We hope to have initial evaluations done by the end of the project period, and have plans to secure more funding to harden the code. You can see how this works in a user study implementation we did at:

You can see how “percentage of characters disclosed” compares with the risk score when different information is disclosed. The “percent disclosed” is simple to understand, but does not represent actual risk. So for certain information you barely see any movement in the risk score, but other information (such as ID numbers), you see large scores. But in the “percentage disclosed,” the score is uniform across all information regardless of the actual risk.

IRB Advisor: If this risk score is evaluated and implemented, how might it change the way privacy is viewed in database studies?

Kum: If the risk score is implemented and used commonly, people would be able to more precisely measure the actual risk of privacy loss in database studies because it would be directly linked to actual risk as opposed to very rough potential of risk when certain identifiers are shared in database studies. It would make it more possible to rely on “expert determination style” of privacy risk management based on real risk, as opposed to safe harbor style which assumes a worst-case scenario, making database studies seem much more risky than they really are.

IRB Advisor: Is there anything else you would like to say about this study and risk score methodology?

Kum: Using and leveraging personal data has inherent risks for information privacy, as it has been proven mathematically that information privacy is a budget-constrained problem. The key to properly manage the risk for legitimate uses of personal data is balancing the utility of data with the privacy risk. In particular, since informed consent in retrospective database studies is not possible, it is important that IRBs learn to balance the risk of harm and benefits to society.

Risk in retrospective database studies can be effectively managed to minimal levels through proper use of secure computing systems and training. Given how common use of personal data is these days, retrospective database studies that use personal data do not pose risks greater than those ordinarily encountered in daily life when such systems and oversight exist.
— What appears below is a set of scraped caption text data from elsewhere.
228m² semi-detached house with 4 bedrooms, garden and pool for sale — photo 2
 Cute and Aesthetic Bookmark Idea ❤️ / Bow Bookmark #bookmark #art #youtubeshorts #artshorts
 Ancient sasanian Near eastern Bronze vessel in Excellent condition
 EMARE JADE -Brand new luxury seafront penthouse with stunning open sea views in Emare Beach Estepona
In addition, IRBs should recognize that authorized access to personal data for research is an important and legitimate use for social benefit. It is critical that we facilitate accountable use of data to improve healthcare and benefit society, just as it is used by the private sector for marketing, campaigning, etc.


1. Ferdinand A, Schmit C, Kum H-C. Controlling privacy risk in database studies for human subject protection (HSP) via a privacy budgeting system. Poster presented at PRIM&R’s 2016 Advancing Ethical Research Conference, Nov. 13-16, 2016, in Anaheim, CA. Poster: 17.